4.3. Evaluation Methods Focus on Formative Results

Although there are great differences in the specific assessment method of different evaluation systems, in recent years, the research on teaching evaluation in various countries has shown a common feature—focusing on a formative evaluation. For example, the federal election bill requires results of the system data to “inform teachers and principals how they can improve teaching” [36]. While the National Teacher Performance Agreement in Australia aims to promote professional dialogue and improve teaching [37]. Similarly, Chilean legislation establishes a formative teacher evaluation system that focuses on “improving the teaching and learning of teachers and promoting their continuous professional development” [38]. After each evaluation, the evaluator will provide a detailed report to the participating teachers and provide a reference for those teachers to self-diagnose and improve their teaching skills [39]. Influenced by these policies, the teacher’s teaching evaluation system pays more attention to formative evaluation. The American As Leadership Performance Teaching System (TFA) only uses formative assessment results, that is, to improve teaching with the goal of increasing students’ interest [40]. For the systems in Singapore, Germany, and Santa Monica, the information collected through observation is primarily used for formative evaluation to improve teachers’ teaching practices [41]. The reason why formative assessment is so important is closely related to the characteristics of classroom teaching activities. A classroom is a place where thinking is constantly changing and situations are constantly generated, and the continuous change of teaching determines that the evaluation of classroom teaching should not only focus on the results but should pay attention to the process. It can be seen that the summative evaluation of teachers through a lesson or some teaching fragments has gradually been replaced with formative evaluation, which can help teachers improve teaching more comprehensively.

4.4. Teachers’ Risks Reduce in Evaluation

Based on the assessment and the different uses of the evaluation results, the impact on the teacher being evaluated is called the evaluation risk. Among the 18 evaluation systems, most of the evaluations are used to further help teachers maintain good teaching, improve the problems encountered by teachers in the teaching process, and then improve the overall teaching quality. For example, the Chicago and Tennessee systems differ markedly in the assessment of novice and tenured teachers, who tend to be observed more frequently and take higher risks. Furthermore, in the evaluation systems of Toledo, Santa Monica, and New York, new teachers are at higher risk of making tenure decisions [42]. In addition, some evaluation systems use the results of multiple classroom observations to evaluate teaching, which reduces the risk of the teacher being evaluated. For example, the evaluation system in Pittsburgh, USA, evaluates teachers several times a year and then discusses them with peer teachers to support the teachers’ skill improvement, which does not bring evaluation pressure to teachers, and teachers have a low risk of evaluation [24]. The evaluation systems in Singapore, Germany, and Santa Monica focus on the interests of teachers and students and improve teaching in ways that are of interest to teachers and students. The consequences for teachers are non-punitive, with a tendency to improve teachers’ teaching practices, and the low risks prompt teachers to improve teaching [43]. The case of Singapore’s evaluation system shows that the lower the risk of punishment, the more positive the impact on teachers [29]. Most evaluation systems have both formative and summative assessment functions. Formative assessment is more conducive to being accepted by teachers, thereby reducing the risk of evaluation, and then urging teachers to carry out teaching reform, to improve the level of teacher professional development.

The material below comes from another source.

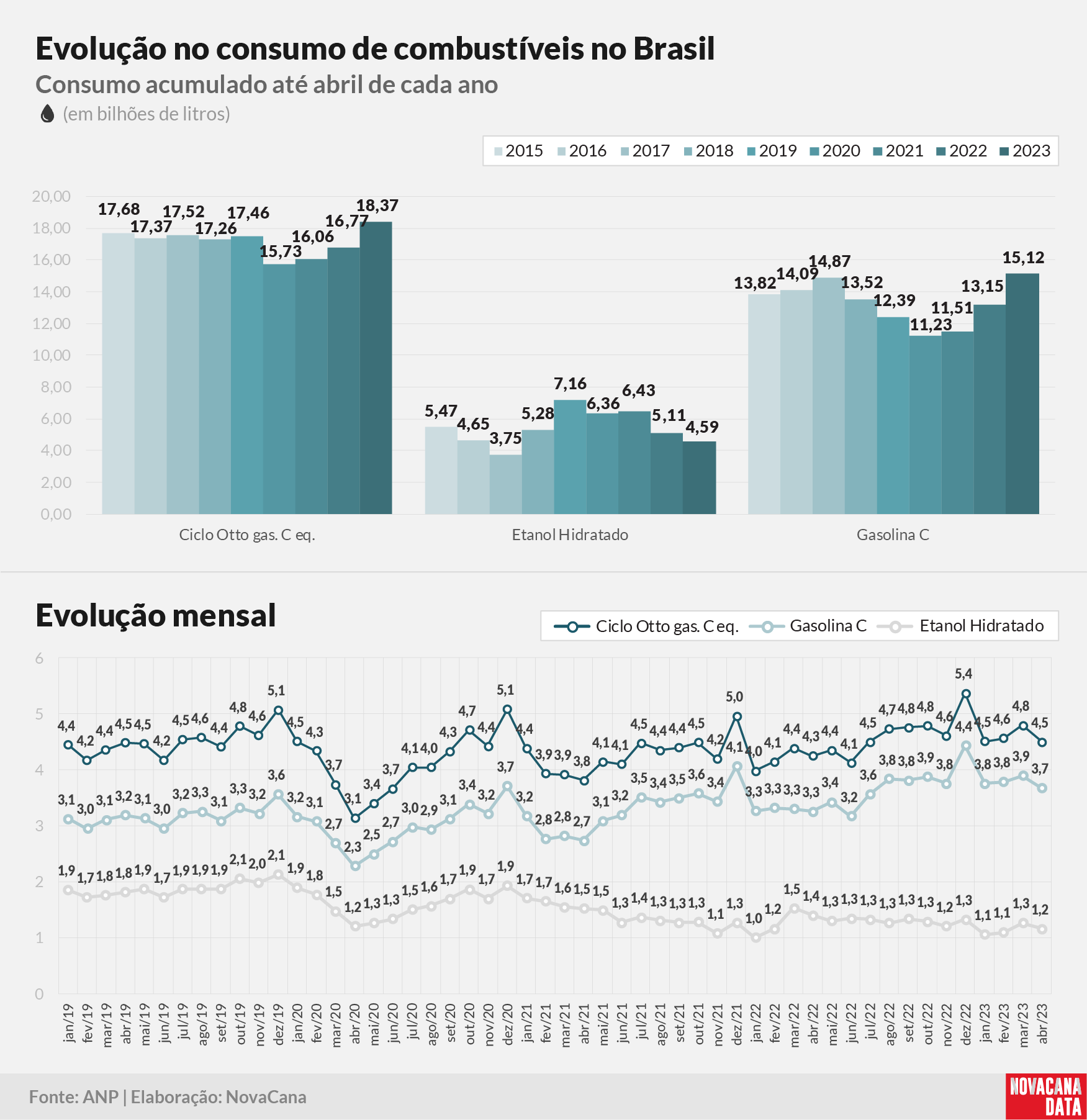 consumo 03 combustiveis evolucao010623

4.5. The Evaluation System Functions as a Diagnosis

The operation mechanism of the evaluation system is the fundamental guarantee of the effective operation of the evaluation system. Through the analysis of 18 evaluation systems, it was found that most of the evaluation systems will be fed back to teachers in different ways to help the teachers perform self-reflection and adjustment. The diagnostic function of the evaluation system in diagnosing teachers’ teaching behavior has reached a consensus among the evaluation systems, but the way to give feedback information is purely different. In Chile’s evaluation system, for example, evaluators generate feedback based on teachers’ written materials (lesson plans, notes, homework feedback, etc.) and classroom videos, and then offer teachers written reports detailing their behavior on seven different dimensions, and they also use the results of the evaluation to determine the allocation of federal funds for teacher professional development [39]. In Germany., the evaluators can provide feedback to the school committee, propose the issues observed in the classroom assessment, and then the principal can discuss with the teacher to map out the school’s teacher professional development plan [43]. In Tennessee, Chicago, and Los Angeles, before the assessment, the teacher being evaluated will discuss the focus of the assessment. After the evaluation is completed, the evaluation results will be given to the evaluated teachers to further discuss the improvement plan, including the future development direction [5]. In Toledo’s evaluation system, a peer-to-peer model is used, in which new teachers and expert teachers pair up to help new teachers grow based on the information collected during teaching [5]. In conclusion, the diagnostic function of the evaluation system is already one of its most important functions and has been highlighted in many evaluation systems.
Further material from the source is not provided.